─── DATA SUPPLIED
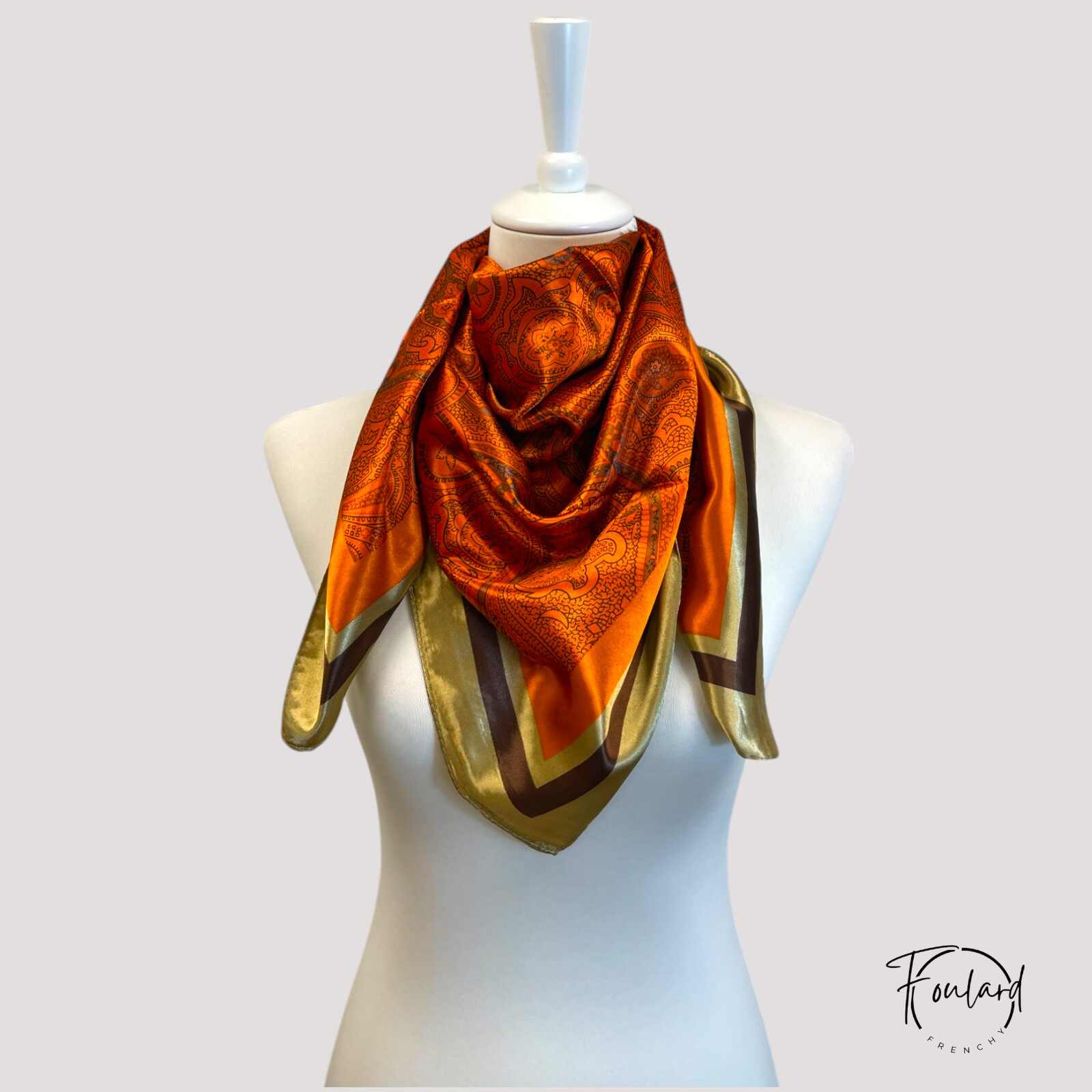 Zoom sur le motif raffiné du foulard rouge orangé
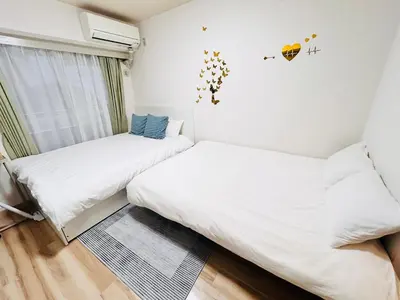 two beds in a room with white walls at Y-shinjuku kabukicho-SJ0018 in Tokyo
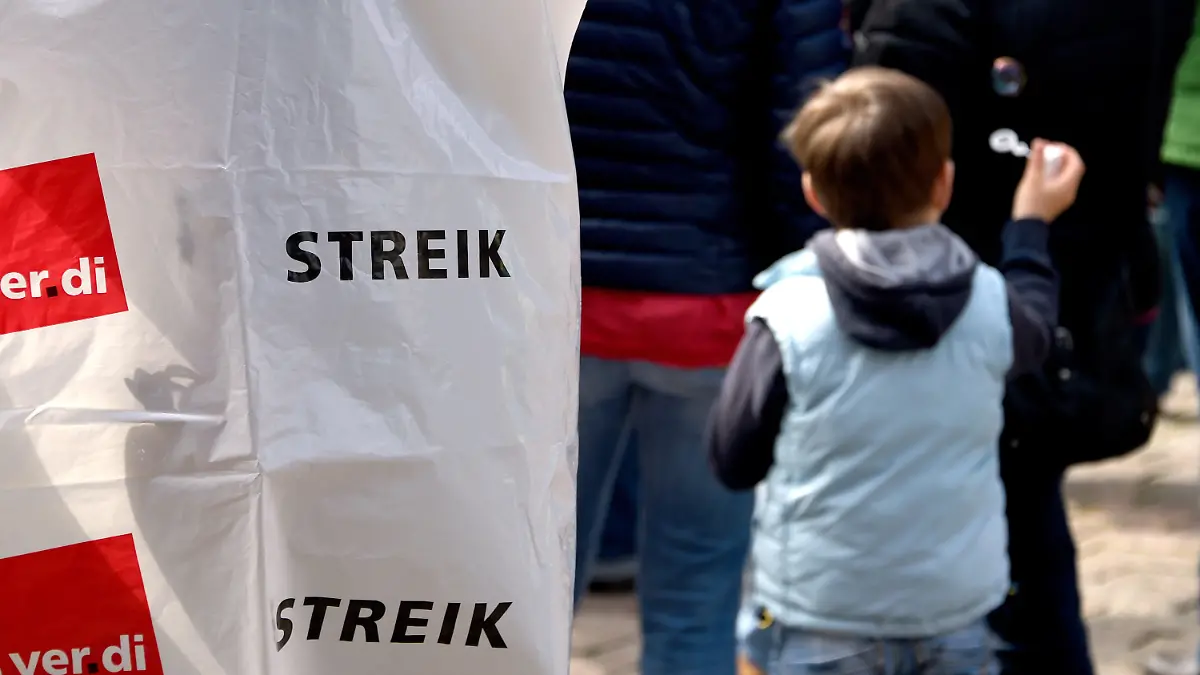Ein Junge steht am 08.05.2015 vor dem Rathaus in Kiel (Schleswig-Holstein) neben streikende Mitarbeitern von Kindertagesstätten. Viele Kitas in Schleswig-Holstein und Hamburg sind am Freitag geschlossen geblieben. Die Erzieherinnen beteiligten sich an unbefristeten Streiks. Foto: Carsten Rehder/dpa +++(c) dpa - Bildfunk+++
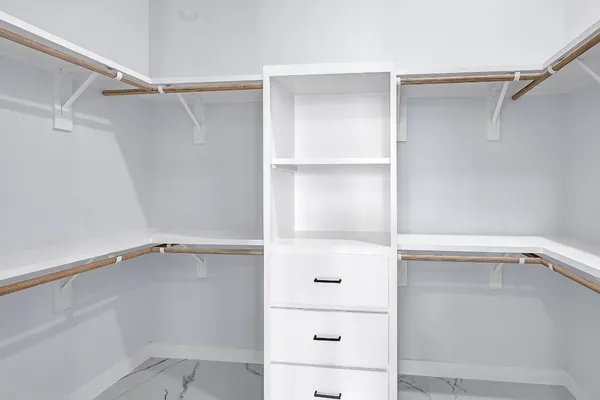 a view of an empty walk in closet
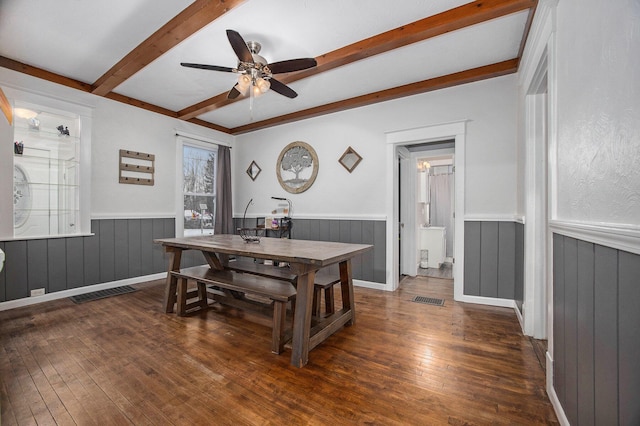 dining area with ceiling fan, dark wood-type flooring, and beam ceiling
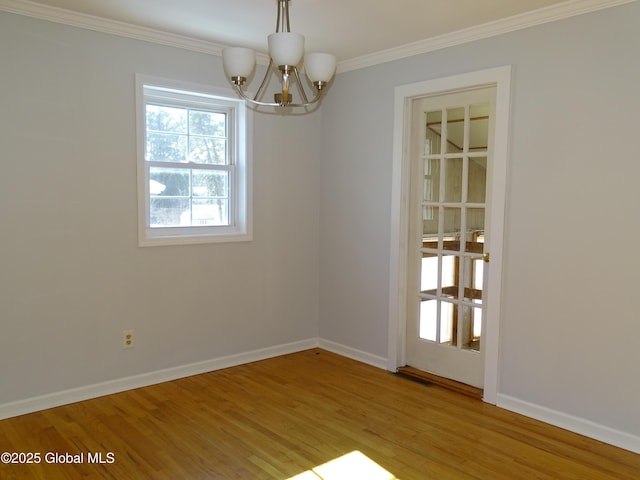 spare room featuring crown molding, baseboards, a chandelier, and light wood-style floors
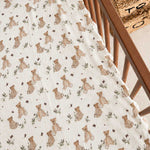 A close-up of a baby muslin blanket with a teddy bear print, draped over the corner of a wooden crib.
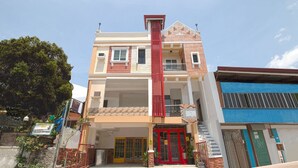 Um edifício com vários andares, apresentando uma característica vermelha vertical central, uma varanda e uma entrada no nível da rua com porta vermelha.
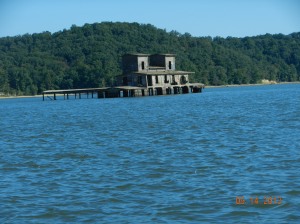 This old structure appears to be setting in several feet of water,  must have been some sort of building  along the river that was left and flooded when they created the lake. 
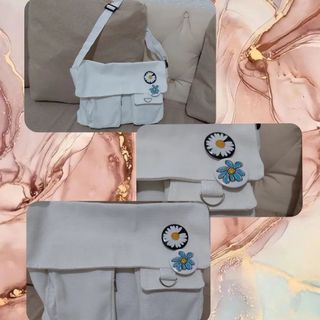 White Sling Bag and Black Waterproof Bagpack with Freebie Pins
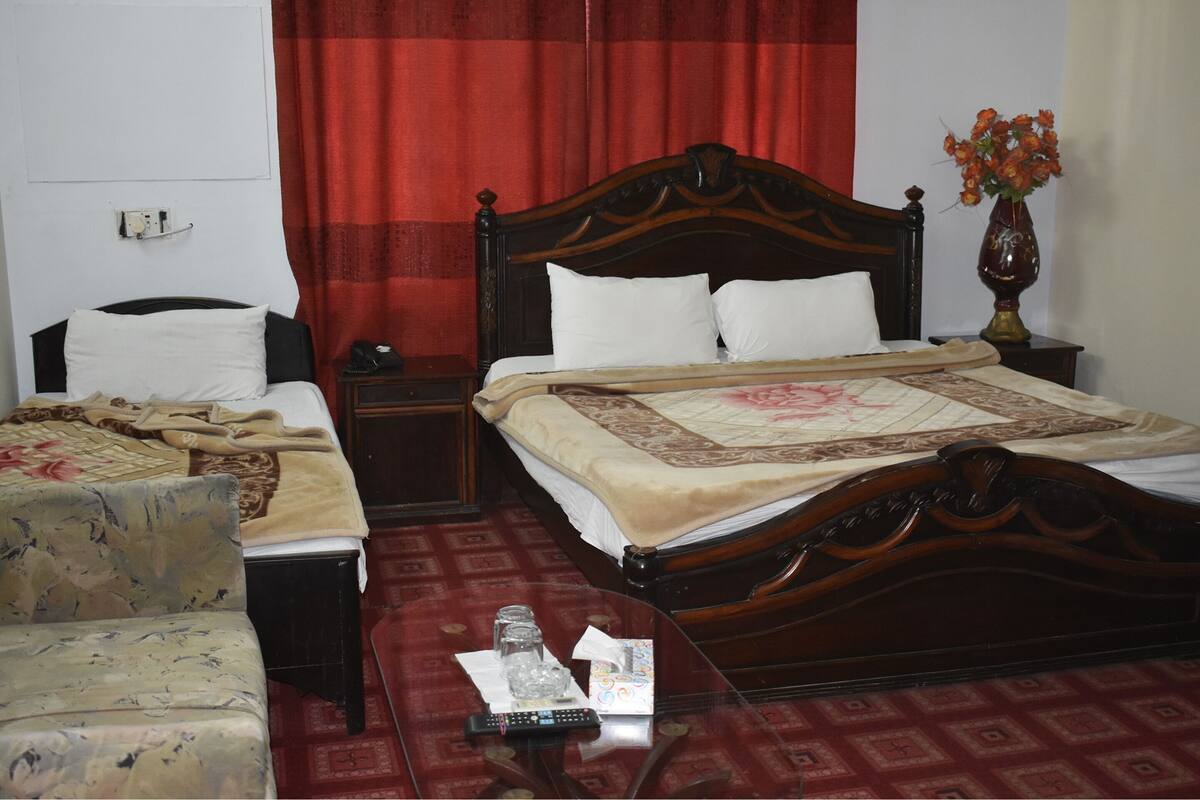 A hotel room with a large bed, a smaller bed, a sofa, a nightstand, a vase with flowers, and a carpeted floor.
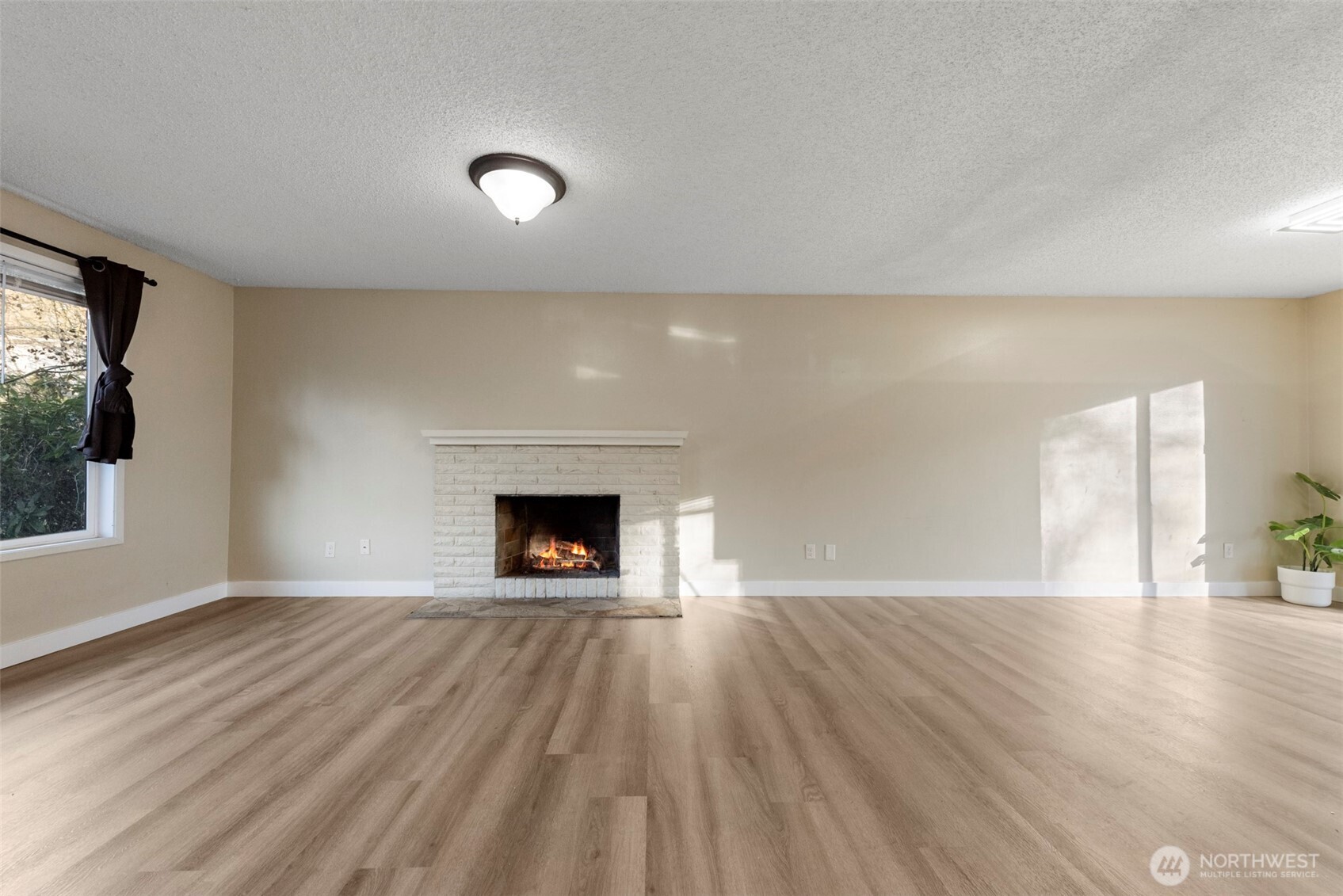 12727 Southeast 191st Place Renton, WA 98058 - Photo 2 of 23 an empty room with wooden floor a fireplace and windows
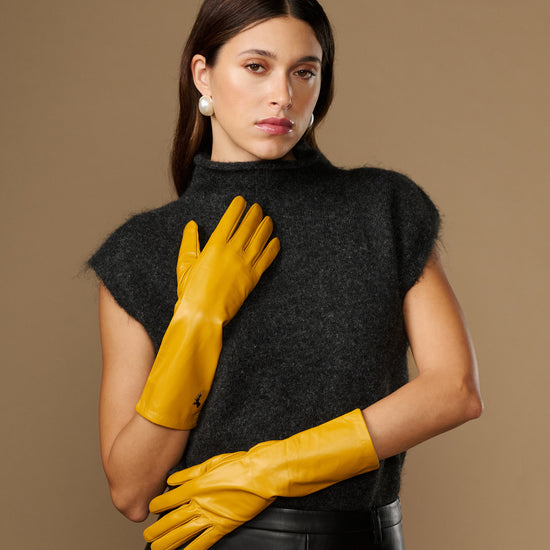 Yellow mid-forearm leather gloves with smooth finish and stitched finger panels
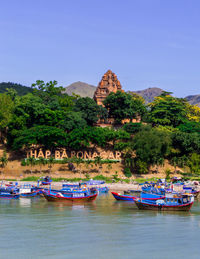 Boats in river by trees against clear blue sky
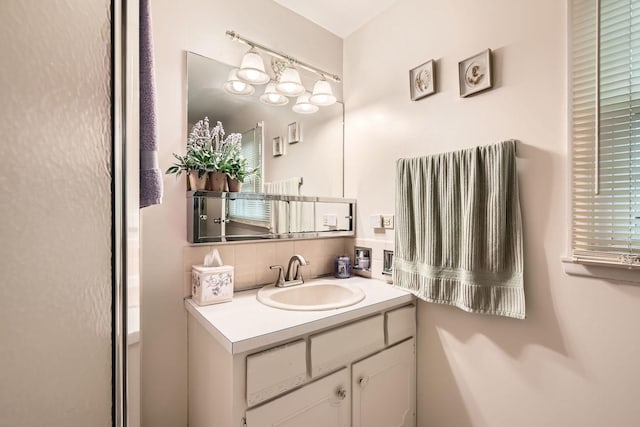 bathroom with decorative backsplash and vanity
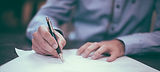 Person signing document with pen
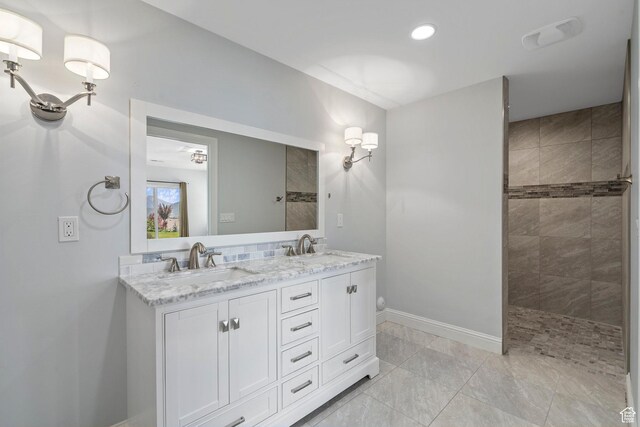 3128 E Hunters Ridge Way, Heber City, UT 84032 - bathroom featuring baseboards, double vanity, walk in shower, and recessed lighting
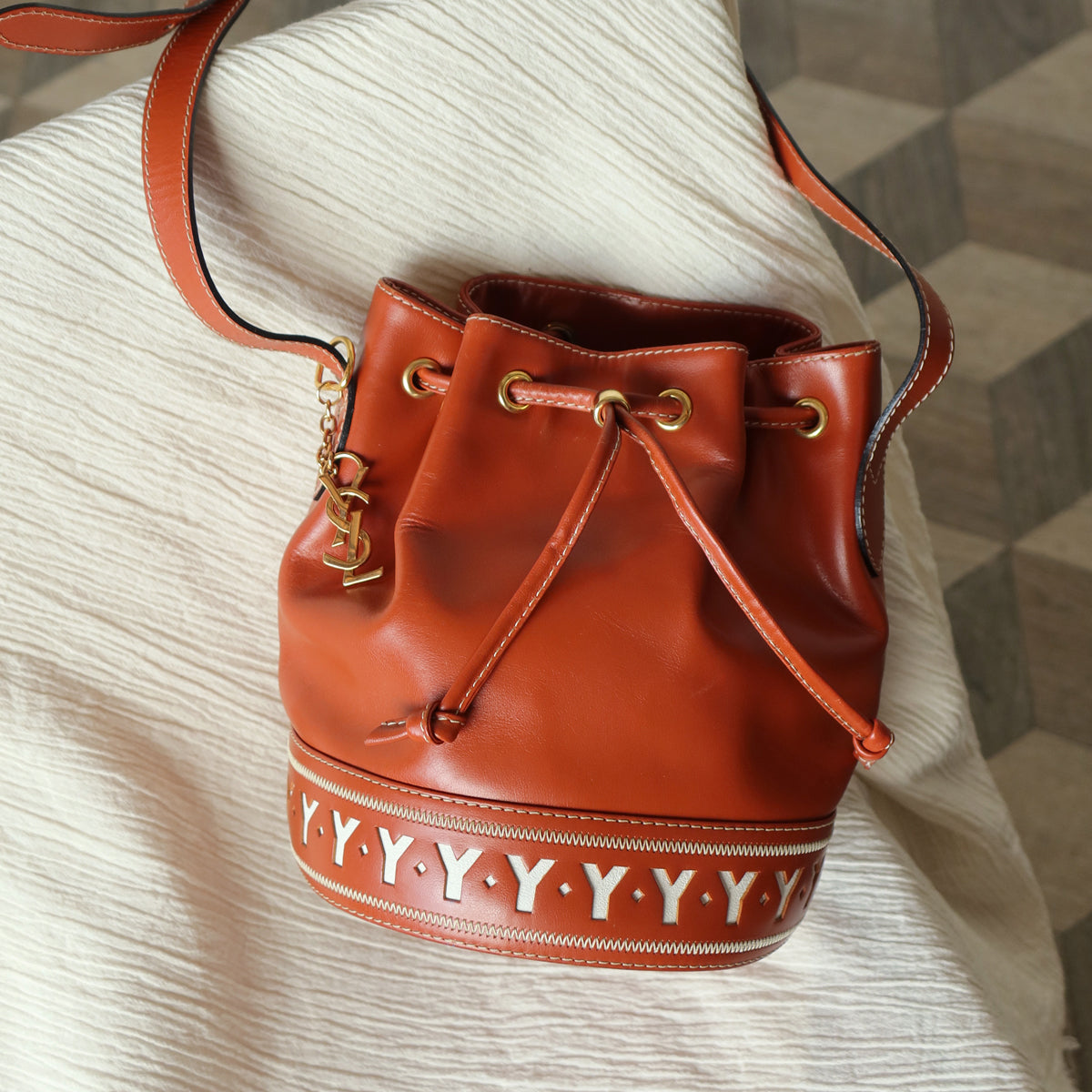 YSL Vintage Terracotta Brown Leather Bucket Shoulder Bag with YSL logo charm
──────
> **REQUIRED WORK**: When you transcribe the entries above, begin at their first line, end with the line containing "dining area with", and copy each line exactly without any picture.

> **YOUR SOLUTION**:
 Zoom sur le motif raffiné du foulard rouge orangé
 two beds in a room with white walls at Y-shinjuku kabukicho-SJ0018 in Tokyo
Ein Junge steht am 08.05.2015 vor dem Rathaus in Kiel (Schleswig-Holstein) neben streikende Mitarbeitern von Kindertagesstätten. Viele Kitas in Schleswig-Holstein und Hamburg sind am Freitag geschlossen geblieben. Die Erzieherinnen beteiligten sich an unbefristeten Streiks. Foto: Carsten Rehder/dpa +++(c) dpa - Bildfunk+++
 a view of an empty walk in closet
 dining area with ceiling fan, dark wood-type flooring, and beam ceiling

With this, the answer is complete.